Après le “World Food Moscow” à la mi-septembre 2015, les exportateurs marocains préparent ainsi le Grand festival du Maroc à Moscou, qui se tiendra du 6 au 20 novembre 2015. C’est le deuxième événement de cet acabit et de cette envergure qui se passe à quelques encablures seulement de la participation en septembre de 26 entreprises marocaines au World Food Moscow. Mais, cette fois, l’enjeu est beaucoup plus grand. Durant les deux semaines que la manifestation va durer, plus de 200 produits marocains seront exposés dans des magasins de la capitale russe. Après le succès de la première édition en 2014, Maroc Export s’attend à un retour encore plus positif cette année.
Bonne récolte
Positif, car la récolte de la campagne de l’année dernière en termes de croissance des exportations a été vraiment bonne, d’autant plus que la Russie n’a toujours pas levé son embargo sur les produits provenant de l’Union européenne (UE). L’Association des producteurs et exportateurs de fruits et légumes a communiqué des chiffres rassurants. La saison 2014-2015 a connu une augmentation des exportations marocaines vers la Russie entre 14 et 20%. L’association assure que la tomate, le concombre et le poivron ont fait l’objet d’une forte demande. Particulièrement la tomate cerise, qui devient de plus en plus prisée par les consommateurs russes. La Russie l’importait d’Europe du Sud. Suite à l’embargo, ils ont goûté les tomates cerises marocaines. Et la différence est remarquable.
Actuellement, les opérateurs espèrent que le maintien de l’embargo leur permettra de grignoter encore plus de parts de marché pour la campagne 2015-2016. Dans la région du Souss, à Agadir notamment, les négociations sont en cours avec les Russes pour discuter des quantités et modalités d’exportation d’agrumes. Concernant la tomate, si le marché russe absorbait, il y a 4 ans, 15.000 tonnes de tomates marocaines au maximum, l’année dernière, il a fait la demande de 70.000 tonnes.
Bureau permanent
Les pouvoirs publics oeuvrent également pour permettre aux opérateurs de renforcer leur présence sur un marché à fort potentiel.
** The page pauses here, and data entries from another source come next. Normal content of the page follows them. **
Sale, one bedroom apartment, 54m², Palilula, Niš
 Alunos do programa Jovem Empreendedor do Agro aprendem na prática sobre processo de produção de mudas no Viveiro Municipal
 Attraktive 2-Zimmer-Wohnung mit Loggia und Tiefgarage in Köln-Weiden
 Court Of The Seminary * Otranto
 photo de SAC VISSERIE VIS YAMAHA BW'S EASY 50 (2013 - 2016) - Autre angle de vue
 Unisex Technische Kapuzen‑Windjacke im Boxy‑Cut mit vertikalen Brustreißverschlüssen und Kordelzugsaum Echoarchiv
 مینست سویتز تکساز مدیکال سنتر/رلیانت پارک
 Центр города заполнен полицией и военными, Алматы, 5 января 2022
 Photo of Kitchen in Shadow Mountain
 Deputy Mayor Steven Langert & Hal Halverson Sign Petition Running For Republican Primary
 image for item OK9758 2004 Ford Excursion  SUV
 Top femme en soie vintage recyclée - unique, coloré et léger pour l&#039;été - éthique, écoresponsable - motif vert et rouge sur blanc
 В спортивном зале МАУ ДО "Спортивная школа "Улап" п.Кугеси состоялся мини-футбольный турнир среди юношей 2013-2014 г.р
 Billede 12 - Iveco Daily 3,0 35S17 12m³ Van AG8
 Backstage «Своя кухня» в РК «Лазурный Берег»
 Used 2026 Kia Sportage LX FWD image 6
Ainsi, à partir de janvier 2016, l’EACCE sera l’organe exclusif pour la promotion des exportations de produits agricoles marocains. L’établissement a également ouvert un bureau permanent à Saint-Pétersbourg pour assurer un meilleur contrôle sur l’arrivée des conteneurs, l’étiquetage, les prix... Mais cette croissance ne se déroule pas sans encombres. Des difficultés existent. A commencer par la faiblesse de la monnaie locale, qui a beaucoup baissé en un an. C’est devenu un souci lancinant pour les professionnels à la veille du démarrage de la campagne d’exportations. En un an, le rouble a perdu près des trois quarts de sa valeur. Il y a aussi les défauts de paiement des importateurs russes, aggravés, notamment, par la baisse de la valeur du rouble. Les choses s’améliorent mais pas vraiment. Surtout que les exportateurs marocains ont beaucoup investi pour améliorer la qualité des produits.
Sur le plan de la logistique, des faiblesses persistent. Jusqu’à présent, une seule desserte hebdomadaire assure de façon permanente la liaison entre Agadir et Saint-Pétersbourg. En 2014, deux dessertes supplémentaires ont été mises en place pendant la saison pour répondre à la forte demande russe suite à l’embargo. Elles seront maintenues encore cette saison pour répondre à la forte demande exprimée. Des solutions pérennes à ces inconvénients pour saisir véritablement l’aubaine que présente le marché russe.